Le genre Acridium nous offre une autre espèce dévastatrice pour laquelle les renseignements sont moins précis. Elle offre beaucoup de variations, ce qu’indiquent les noms d’Acridium tartaricum, Linn. ; et Lineola, Fabr. donnés à ses deux principales races. L’espèce est plus petite que la précédente, avant 0m,039 à 0m,058, chez la femelle et 0m,035 à 0m,047 chez le mâle, dont la taille est notablement moindre, fait fréquent chez les insectes. La tête, le corps et les pattes sont d’un vert jaunâtre, passant souvent au brun en se desséchant, poilus, maculés de brun. Les élytres, beaucoup plus longues que l’abdomen, sont comme nébuleuses en raison de leurs nombreuses nervures brunes ; les ailes transparentes, rembrunies au sommet, ont vers le milieu une large bande noirâtre, arquée, sans contours nets. Les deux races diffèrent par les couleurs des pattes.

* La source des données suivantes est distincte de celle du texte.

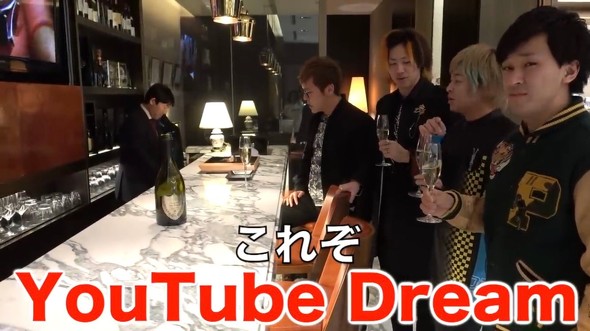YouTuber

Cette espèce se rencontre en Italie, en Espagne, en Portugal, en Dalmatie, en Sardaigne, en Hongrie, dans le Tyrol austral. On en trouve des individus isolés, mais très-rarement en septembre, dans les prairies, jusque dans le milieu de l’Allemagne. Elle existe dans la Provence, et l’entomologiste Solier l’indique parmi les espèces nuisibles des environs de Marseille. On ne l’a jamais rencontrée au centre ni au nord de la France. Joignons à ces localités l’Égypte, l’Algérie (H. Lucas), la Syrie (c’est, dit-on, l’espèce qui se vend cuite sur les marchés de Bagdad), peut-être les Indes orientales. Latreille et Ericson disent que cette espèce émigre souvent et dévaste les campagnes ; cependant elle ne possède peut-être pas partout cette redoutable propriété. En effet, un excellent observateur, Rambur, bien connu pour ses explorations de la Corse et de l’Andalousie, affirme qu’en Espagne cet Acridien ne se trouve pas en troupe ni à terre, comme la plupart des espèces voyageuses, mais habite isolément sur les arbres. Si quelqu’un s’approche de l’arbre où il gîte, il s’envole avec un frémissement, presqu’à la façon d’un oiseau, mais toutefois ne vole pas loin.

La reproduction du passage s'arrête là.